■ Supplied material

= = = = =

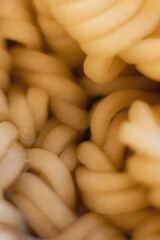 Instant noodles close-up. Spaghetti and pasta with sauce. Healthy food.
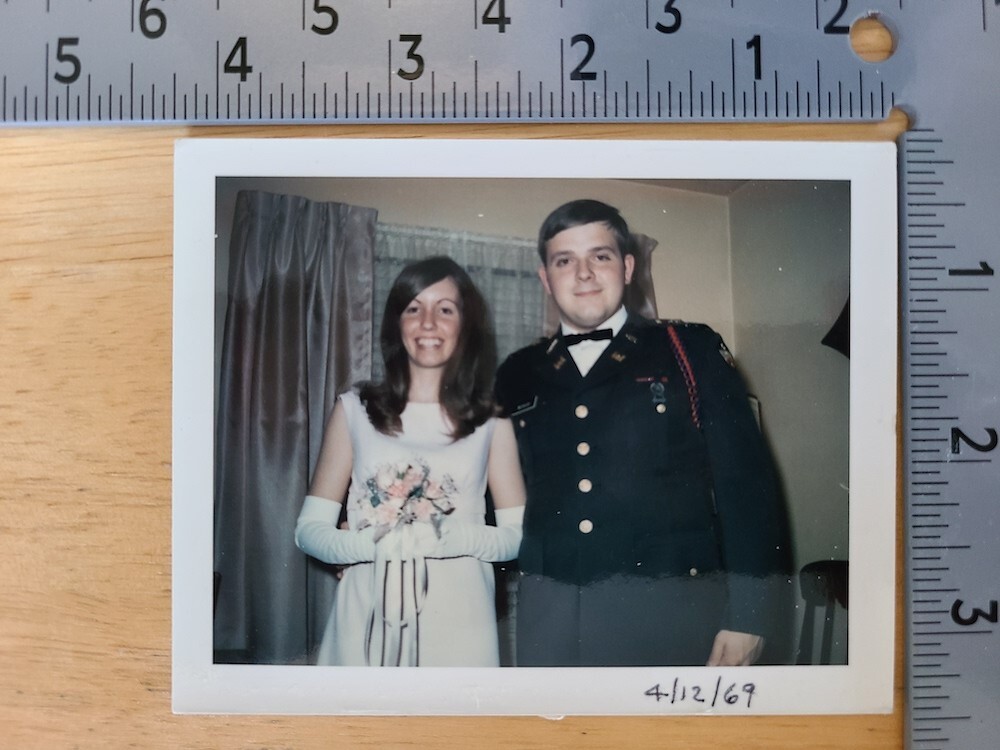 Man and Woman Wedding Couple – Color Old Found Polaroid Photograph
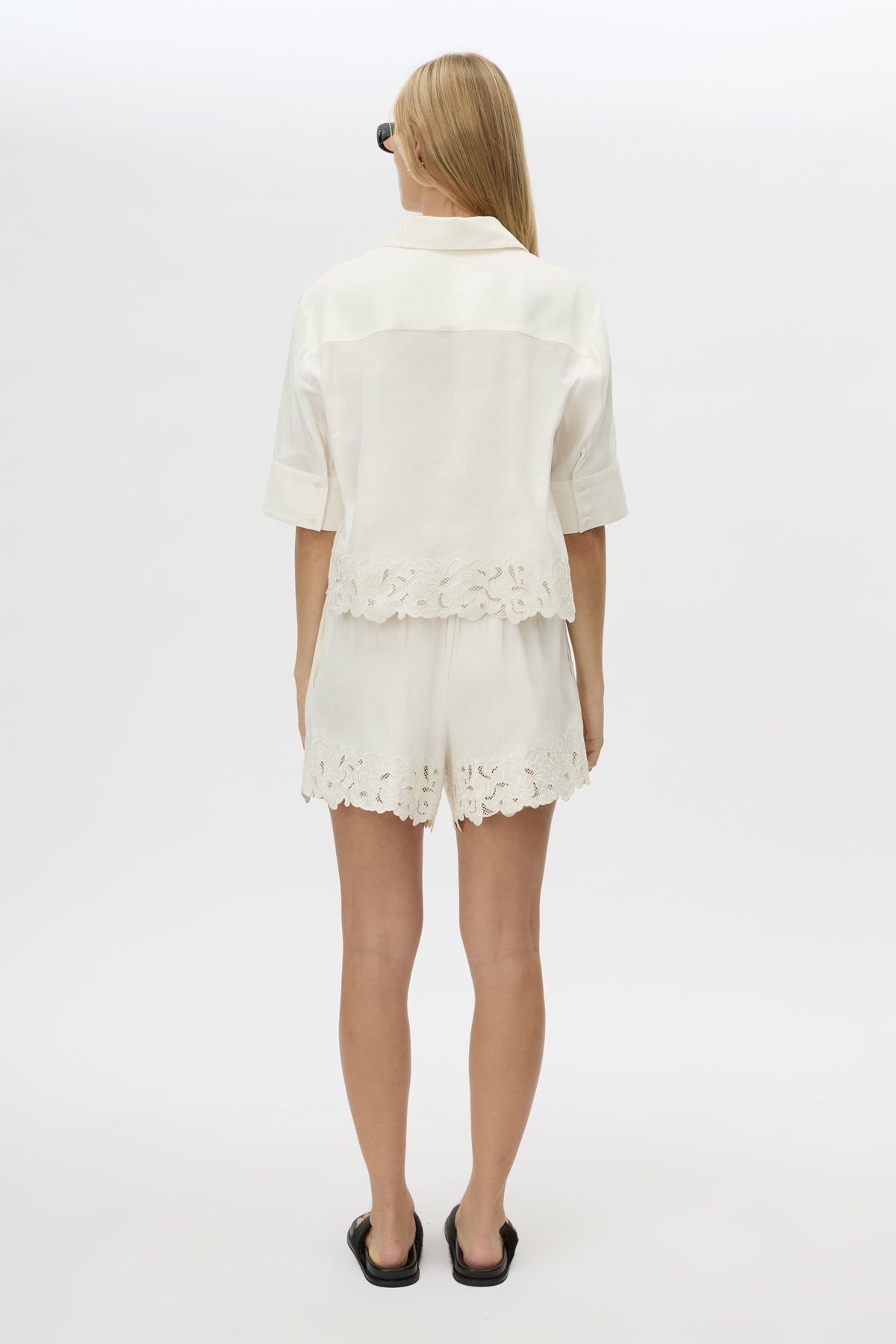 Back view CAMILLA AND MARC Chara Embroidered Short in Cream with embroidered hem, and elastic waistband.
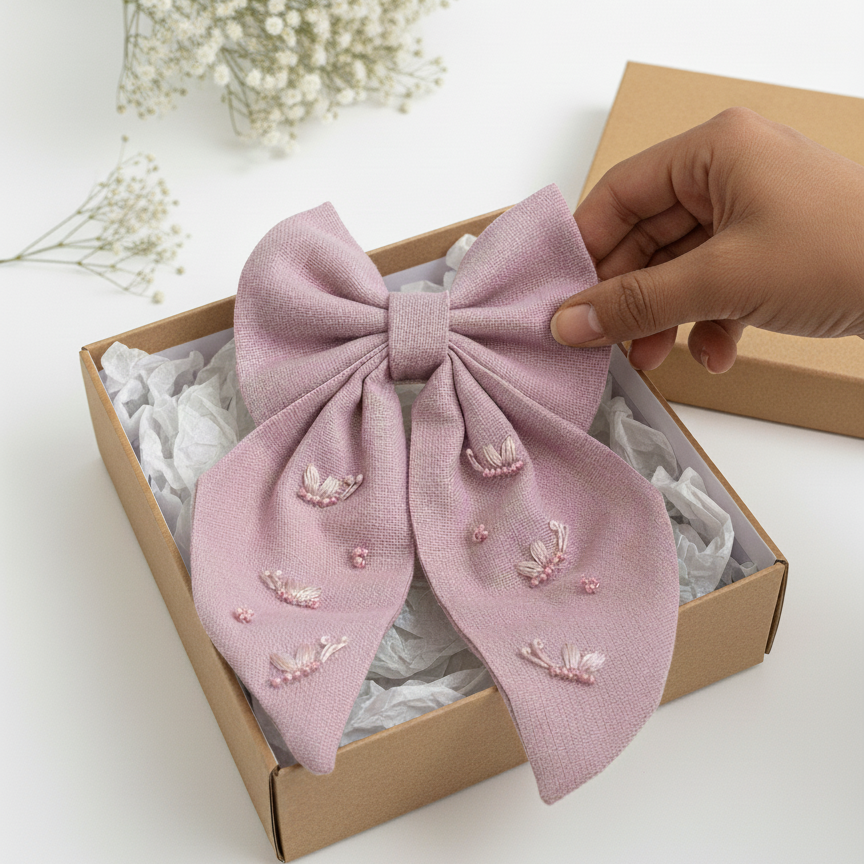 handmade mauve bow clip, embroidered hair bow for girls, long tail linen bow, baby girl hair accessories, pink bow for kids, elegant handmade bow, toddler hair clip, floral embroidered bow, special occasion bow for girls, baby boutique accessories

= = = = =

■ Exercise description
Return only what lies between the line containing "Back view CAMILLA" and the last line of the listing, those two lines included, exactly as written and with no pictures.

■ Worked solution
 Back view CAMILLA AND MARC Chara Embroidered Short in Cream with embroidered hem, and elastic waistband.
 handmade mauve bow clip, embroidered hair bow for girls, long tail linen bow, baby girl hair accessories, pink bow for kids, elegant handmade bow, toddler hair clip, floral embroidered bow, special occasion bow for girls, baby boutique accessories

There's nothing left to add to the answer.